EXERCISE PROMPT: Write out every entry exactly; the pictures do not belong in the copy.

Extracted data entries:
Content starts

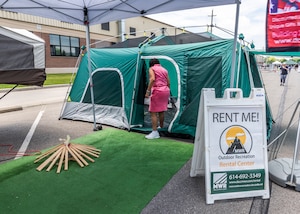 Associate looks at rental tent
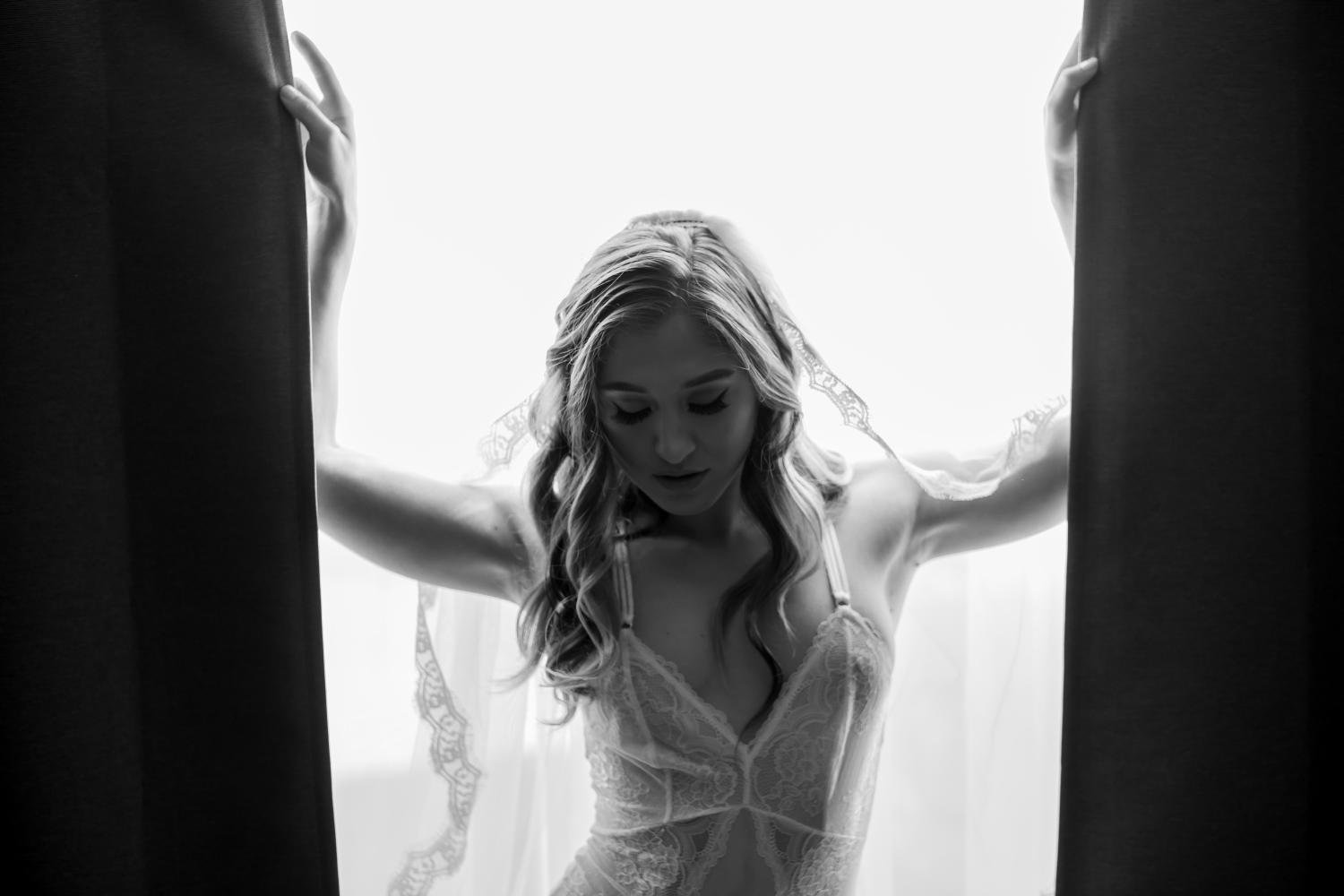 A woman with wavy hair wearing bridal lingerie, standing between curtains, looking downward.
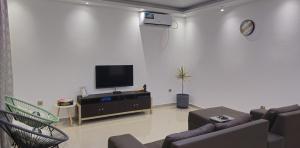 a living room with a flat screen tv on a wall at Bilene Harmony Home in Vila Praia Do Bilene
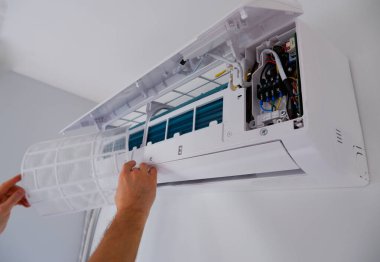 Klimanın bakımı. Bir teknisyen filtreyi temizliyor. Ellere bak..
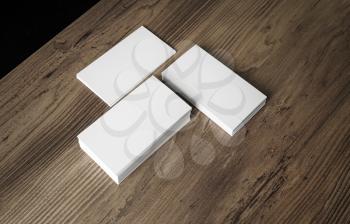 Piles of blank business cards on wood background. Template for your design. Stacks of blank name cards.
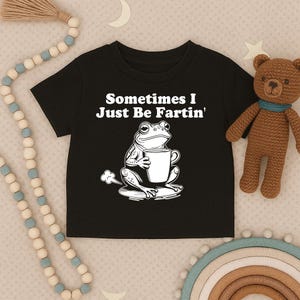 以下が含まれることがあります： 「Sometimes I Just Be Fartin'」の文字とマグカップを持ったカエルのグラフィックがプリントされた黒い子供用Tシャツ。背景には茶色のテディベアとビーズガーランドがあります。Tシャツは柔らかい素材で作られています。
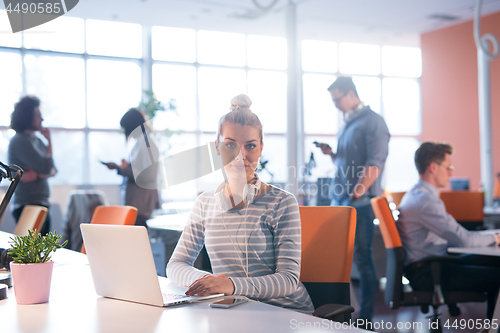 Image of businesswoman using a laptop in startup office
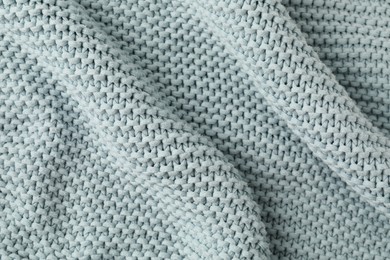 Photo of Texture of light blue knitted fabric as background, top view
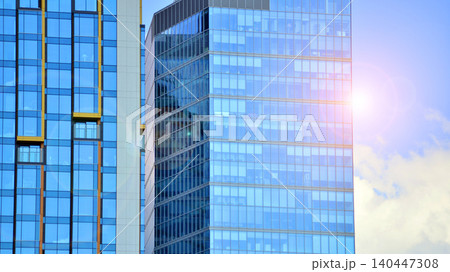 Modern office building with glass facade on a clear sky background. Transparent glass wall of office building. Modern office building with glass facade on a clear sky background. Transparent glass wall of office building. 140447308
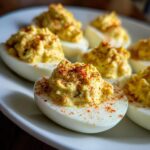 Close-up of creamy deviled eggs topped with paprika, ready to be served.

Content ends

SOLUTION FOR THIS EXERCISE:
 Associate looks at rental tent
 A woman with wavy hair wearing bridal lingerie, standing between curtains, looking downward.
 a living room with a flat screen tv on a wall at Bilene Harmony Home in Vila Praia Do Bilene
 Klimanın bakımı. Bir teknisyen filtreyi temizliyor. Ellere bak..
 Piles of blank business cards on wood background. Template for your design. Stacks of blank name cards.
 以下が含まれることがあります： 「Sometimes I Just Be Fartin'」の文字とマグカップを持ったカエルのグラフィックがプリントされた黒い子供用Tシャツ。背景には茶色のテディベアとビーズガーランドがあります。Tシャツは柔らかい素材で作られています。
 Image of businesswoman using a laptop in startup office
 Photo of Texture of light blue knitted fabric as background, top view
 Modern office building with glass facade on a clear sky background. Transparent glass wall of office building. Modern office building with glass facade on a clear sky background. Transparent glass wall of office building. 140447308
 Close-up of creamy deviled eggs topped with paprika, ready to be served.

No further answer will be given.